Tuesday, March 30, 2010


In the past month I have been very busy with work, but I've been bad and haven't done much writing (aside from some editing of The Novel of DoomTM, or even gone to the gym ONCE. (I KNOW. Someone hit me!)

The good news is, my body is no longer used to eating junk food. Some Five Guys Burgers and Fries Cajun fries are in the process of making my VERY sick. But, this is a blessing because it means I won't crave them ever again. Yay. *barf*

I'm also newly addicted to NBC's 30 Rock. My dream to work in children's television has shoved over just a tad to make room for the possibility of being the next Liz Lemon. (Hell, I'd even take the next Kenneth. I probably am destined to be an NBC page, actually. Fine with me, as long as it's a means to an end.)

Saturday, March 27, 2010

Things I've learned from working in an office:

-If you type the month, sometimes the year and the date will pop up and suggest "hit enter to continue", and then Microsoft Word will write the date for you.
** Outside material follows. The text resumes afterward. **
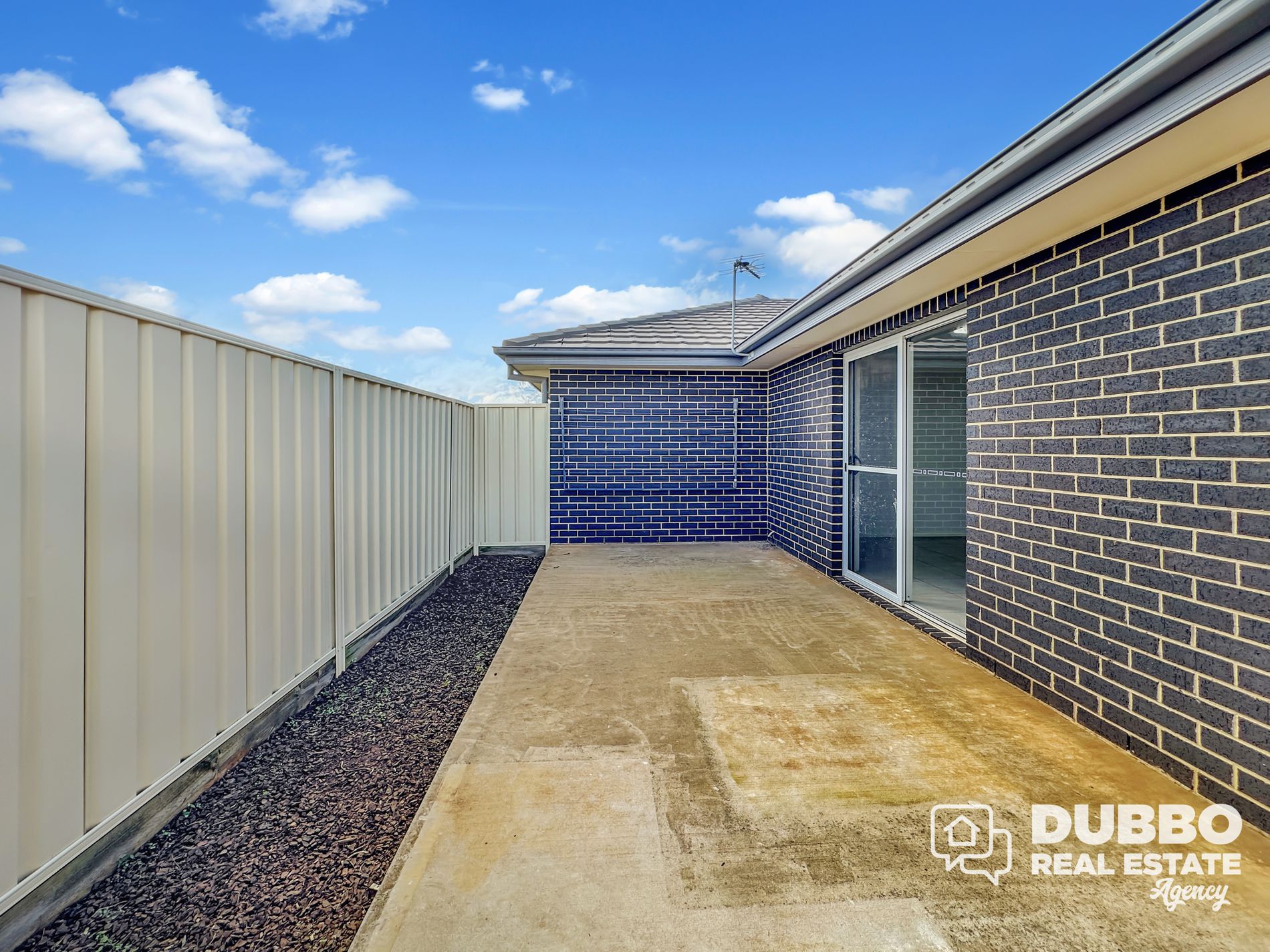 22A Hindmarsh Esplanade, Dubbo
Know what I'm talking about?

Anyway, I've discovered that Microsoft Word only does this SOMETIMES. But you can greatly increase the odds of this happening if you hit the space bar LIKE YOU MEAN BUSINESS.
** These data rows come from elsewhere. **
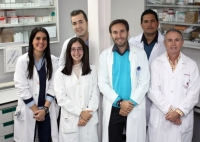 Los integrantes del equipo, en el laboratorio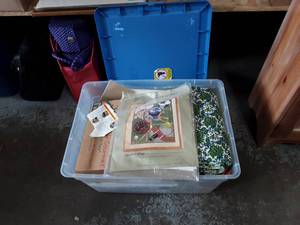 Tote Bin Of Quilting & Needle Work Kit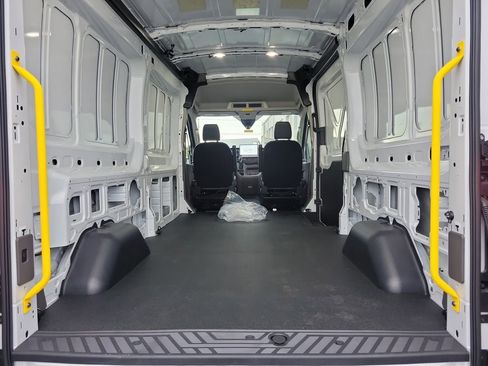 New 2026 Ford Transit 250 148 Medium Roof image 8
Which, of course, is the only way I hit the space bar now.

(I'll post a real blog soon, I promise.)

Saturday, March 20, 2010

What I've learned from working in the city, part 2:

-No matter what temperature the weathermen (or in my case, Weatherbug) may claim it is, it always feels at least 10 degrees colder in the city. I first noticed this during a trip to Toronto one spring when I only brought along a thin coat and became a popsicle quite rapidly.
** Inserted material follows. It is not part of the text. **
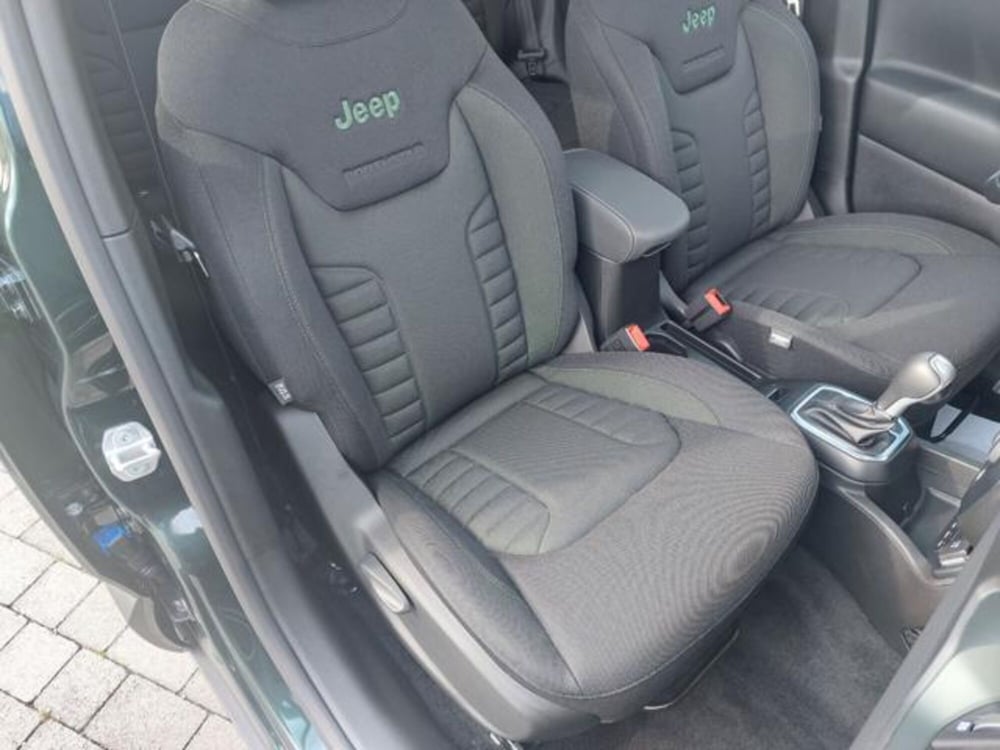 Jeep Renegade nuova a Padova (12)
-Men who dress as Superman (and princesses, and alligators...) are commonplace. It seems like every major city has one. This particular one decided to try to carry on a conversation with me about how he was looking for a new wife since his last one had died.

-No one obeys "elevator etiquette". I mean, I don't know about you guys, but I can still hear my mother's voice telling me, "Let the people on the elevator exit first, then get on." Yet, I've been nearly trampled several times as I'm exiting. Do we need to post signs or something?

-I finally understand the appeal of "casual Friday" now that I work in an office that doesn't offer it. By the time Friday rolls around I am tired and most of my work clothes are dirty. Nothing would make me happier then jeans and a hoodie on Friday's. (Except maybe jeans, a hoodie, and free soy caramel machiattos. Take note, corporate America!)

Sunday, March 14, 2010

Learning "real world" lessons the hard way.

Seeing as I've worked nothing but retail (excluding my stint as a shabbily dressed office manager back in 2007) my entire life, I have been able to get away with wearing fairly casual clothing to the work place. Usually I could get away with black jeans and a casual shirt, as most places had me wear a lab coat or apron over my clothing.

Because of this, I never really hassled too much over my laundry. It would pile up and I'd wash it when I had nearly nothing left to wear. I had no qualms about wearing the same pair of pants for a week straight--because who really cared? It's not like I was getting dirty or even sweaty at work. It seemed like a waste to throw my pants in the hamper after a measly four hour shift. So as I said, things piled up. I'd do a complete load of wash about every two or three weeks. (I should mention that I JUST counted my underwear and have over 32 pairs...so doing laundry every three weeks is not as gross as it sounds!) I'd throw everything in the water together with some detergent and hope for the best. No weeding out the pesky "red shirt" in the load of whites...not separating like colors, or even fabrics. Just a big ol' melting pot of my wardrobe (and usually Jay's too.) tossed in together.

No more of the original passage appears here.